遺留分は、相続人に認められた最低限度の権利です。

仮に、特定の相続人に全財産を相続させる旨の遺言がされたとしても、他の相続人は、最低限の権利として遺留分の請求を行うことができます。

もっとも、すべての相続人が遺留分の権利を持っているわけではないため、注意が必要です。

⑵ 遺留分の権利がある相続人

遺留分の権利を持つ相続人は、配偶者、子、親に限られます。

子がすでに亡くなっている場合は、孫が遺留分の権利を持ちます。

同様に、親が相続人になるケースで、すでに親が亡くなっている場合は、祖父母が遺留分の権利を持つことになります。

なお、相続権は、子や孫などの直系の子孫が最優先の権利を持ちます。

そのため、子や孫がいる場合は、子や孫が相続放棄をしない限り、親や祖父母が相続権を持つことはなく、遺留分の権利も持ちません。

他方、配偶者は、常に最優先の権利を持つ相続人と同順位の権利を持っているため、子や孫が相続人になる場合はもちろん、親や祖父母が相続人になる場合でも、遺留分の権利を持ちます。

⑶ 遺留分の権利がない相続人

法律上、第3順位ではありますが、兄弟姉妹や、甥姪も相続権を持つことができます。

しかし、第3順位の相続人である兄弟姉妹や、甥姪は遺留分の権利が認められていません。

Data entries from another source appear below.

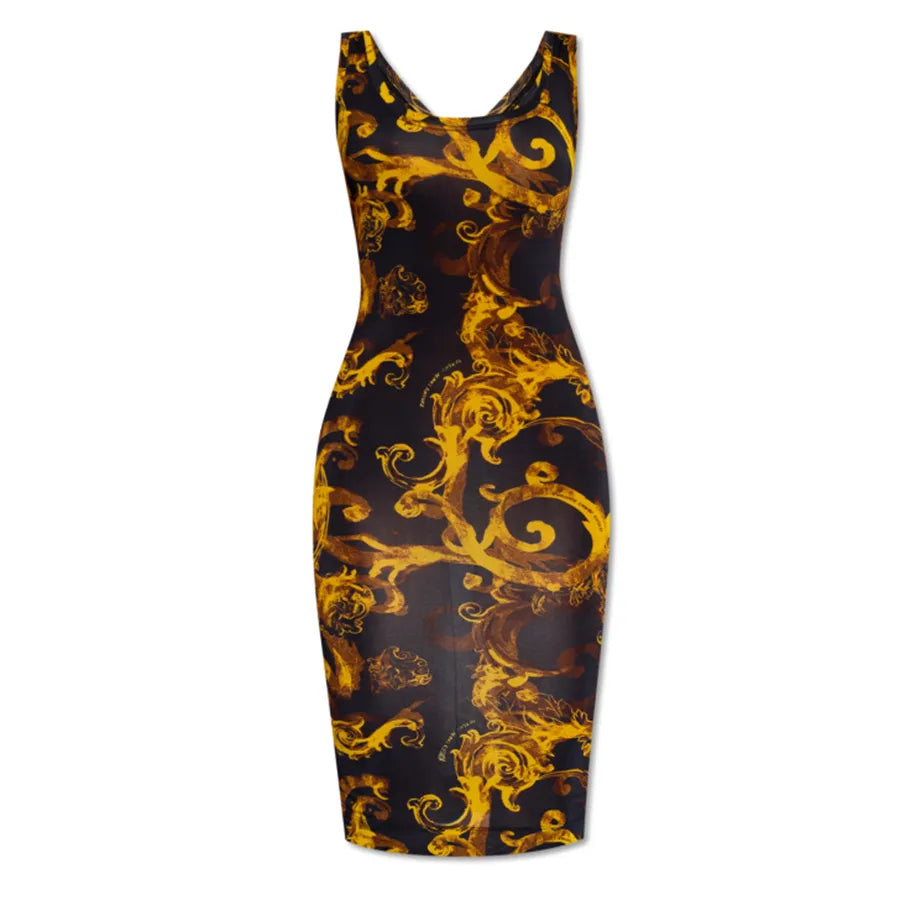 baroque bodycon dress Baroque Color Block Bodycon Dress  Nu Face Style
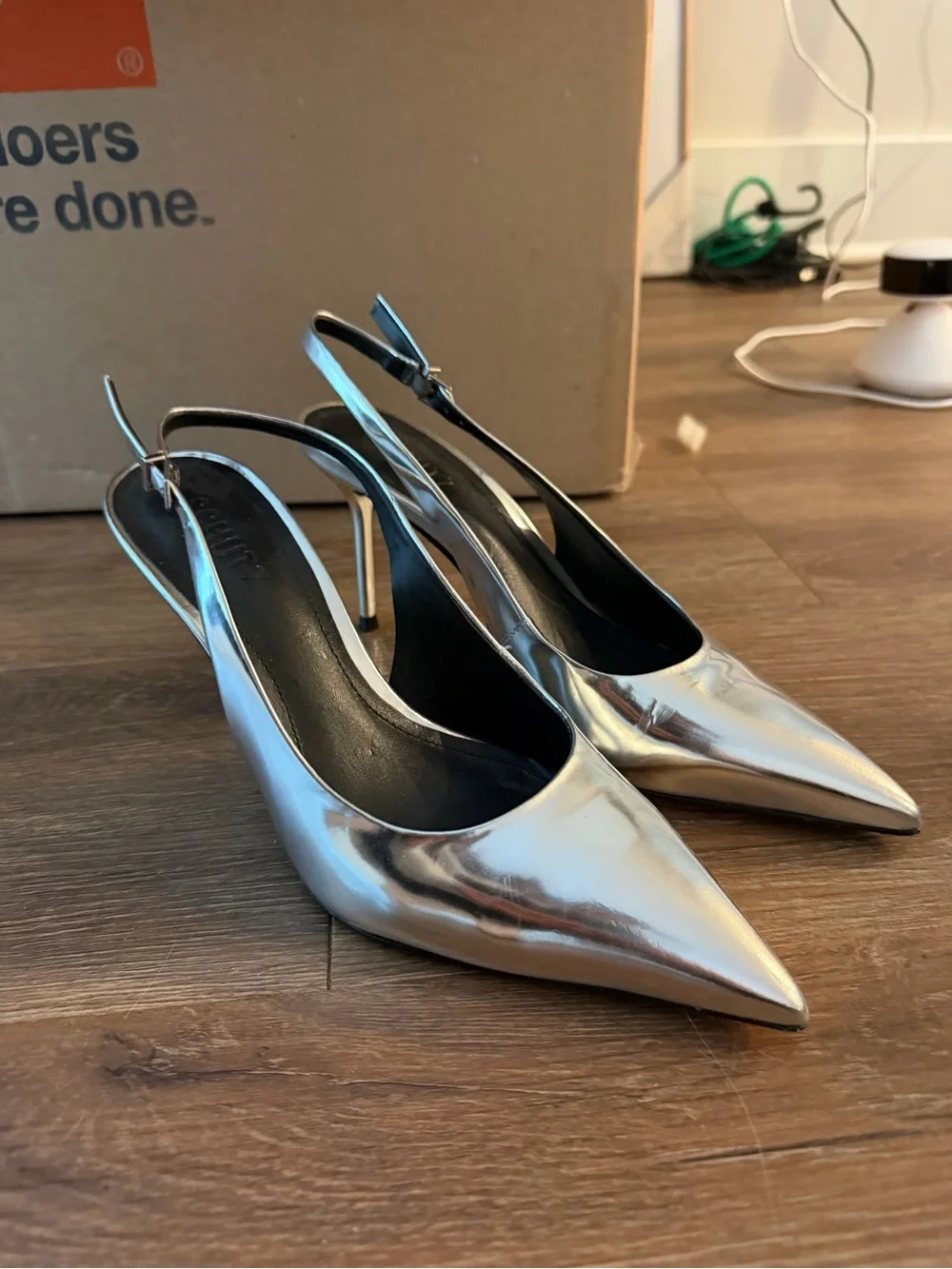 SCHUTZ - Metallic Silver Pointed-Toe Slingback Stiletto Heels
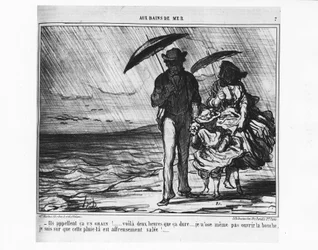 Nos banhos de mar: Parisienses junto ao mar numa chuva torrencial - por Daumier, em "Charivari" de 19/09/1859.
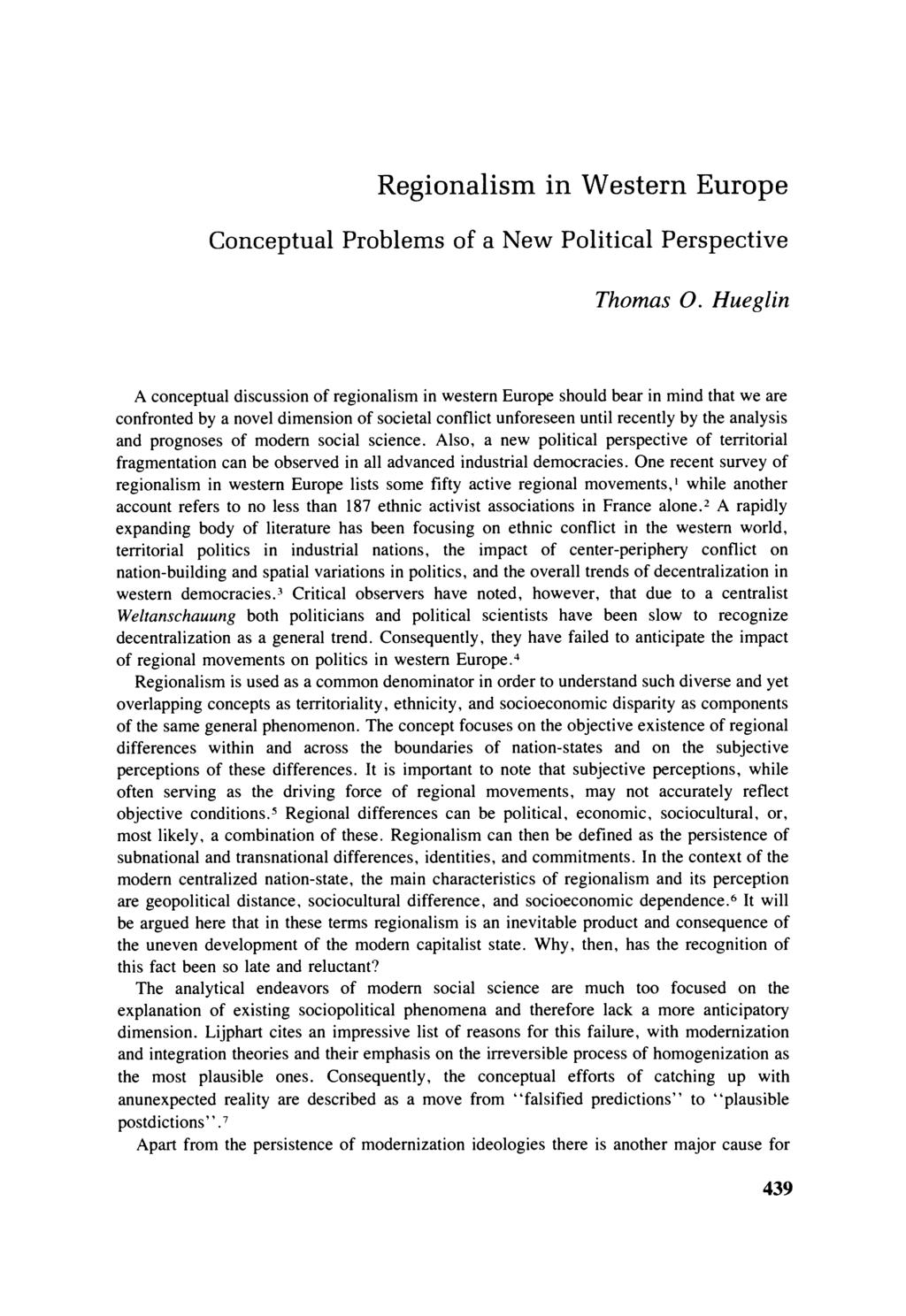 Regionalism in Western Europe Conceptual Problems of a New Political Perspective Thomas 0.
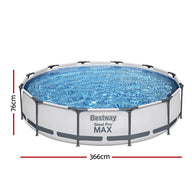 Bestway Swimming Pool 366x76cm Steel Frame Round Above Ground Pools w/ Filter Pump 6473L - SM Everyday Living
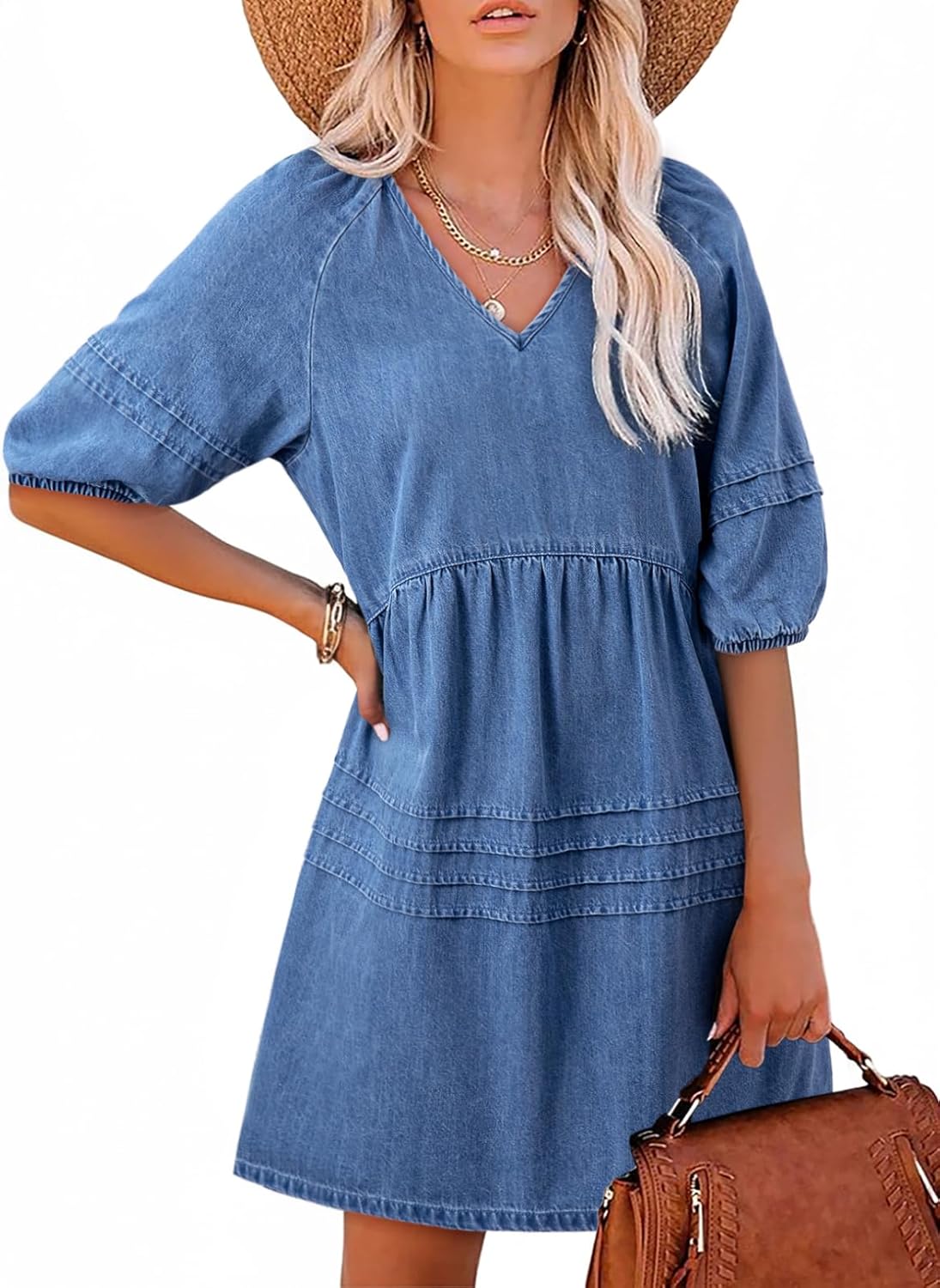 Women Casual V Neck Puff Short Sleeve Denim Dress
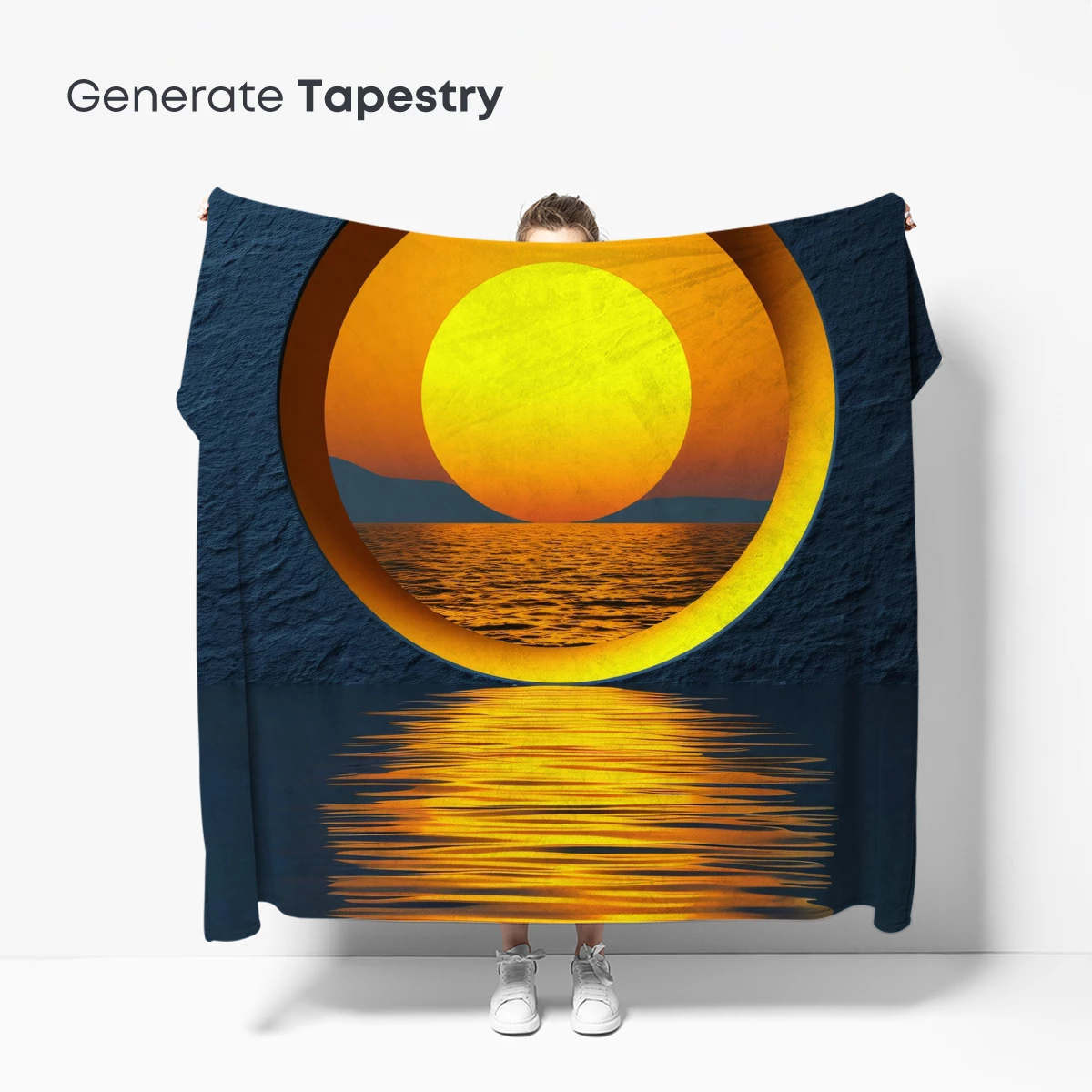 Circular Sunset Reflection: Modern Minimalist Art - Image 5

このように、兄弟姉妹については、相続の権利と遺留分の権利とで事情が異なるため、注意が必要です。

2 遺留分の割合

法律上、相続人の遺留分は、原則として法定相続分の半分と定められています。

例えば、配偶者であれば、法定相続分が2分の1のため、遺留分はその半分の4分の1ということになります。

相続人が配偶者と子ども3名の場合は、配偶者は先ほどと同じく4分の1ですが、子どもは4分の1の権利を3人で分けることになるため、1人当たり12分の1の権利を持つことになります。

他方、相続人が親や祖父母のみの場合は、例外的に3分の1の半分である6分の1が遺留分になります。

3 遺留分の額は割合以外の要素も重要

遺留分の額を決める際には、生前贈与や遺言書による遺産の相続も重要な要素になります。

例えば、遺留分の割合だけでいえば、500万円の遺留分を請求できるケースであっても、その相続人が500万円の生前贈与を受けている場合は、ほとんど遺留分がもらえないことになります。

そのため、遺留分の計算をする際は、単純に割合だけ注目するのではなく、割合以外の要素も考慮して計算をしなければなりません。

このように、遺留分の計算は非常に複雑であるため、遺留分については弁護士に相談することをおすすめします。